Proposed airport in Dodoma Region, Tanzania

Msalato International Airport (Uwanja wa Ndege wa Kimataifa wa Msalato) is an under construction international airport project intended to serve the Tanzanian capital city of Dodoma located in Dodoma Region.

==Location==
The planned airport would be located in Msalato Ward, approximately 14 km, by road, north of the central business district of the city of Dodoma. The airport would occupy 45 km2 of real estate.

==Overview==
Dodoma Airport, which serves the capital is located within the municipality and cannot accommodate larger aircraft. Due to the location of Dodoma Airport, it cannot be expanded easily. The government of Tanzania plans to construct an intentional airport in Msalato, to handle large passenger and cargo aircraft to carry politicians, diplomats, tourists and businesspeople together with their luggage.

==Construction==
After considering available alternatives, the Tanzanian government has decided to build a new greenfield international airport to serve the capital city of Dodoma, using money borrowed from the African Development Bank (AfDB).

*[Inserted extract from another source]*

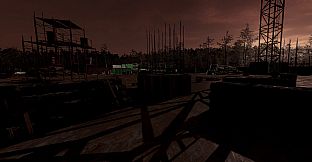 Dangerous Connections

The infrastructure involved includes a three storied terminal building for departing and arriving passengers, with capability of 1,500,000 arrivals annually. One main runway measuring 3600 m long, and 60 m wide, with two taxiways, 2 parking aprons which can accommodate multiple A330 aircraft simultaneously. Also, arrival and departure gates, fencing, airport roads and car parking yards. Other operations infrastructure includes a control tower, radar equipment, a fire station and associated fire-fighting equipment, an aircraft fueling station, a water supply and distribution system, a dedicated electricity supply system with back-up (an alternative when the primary goes out) and a meteorology station.

==Funding==
The table below outlines the sources of financing for Msalato International Airport. * Note: All amounts in millions in United States Dollars.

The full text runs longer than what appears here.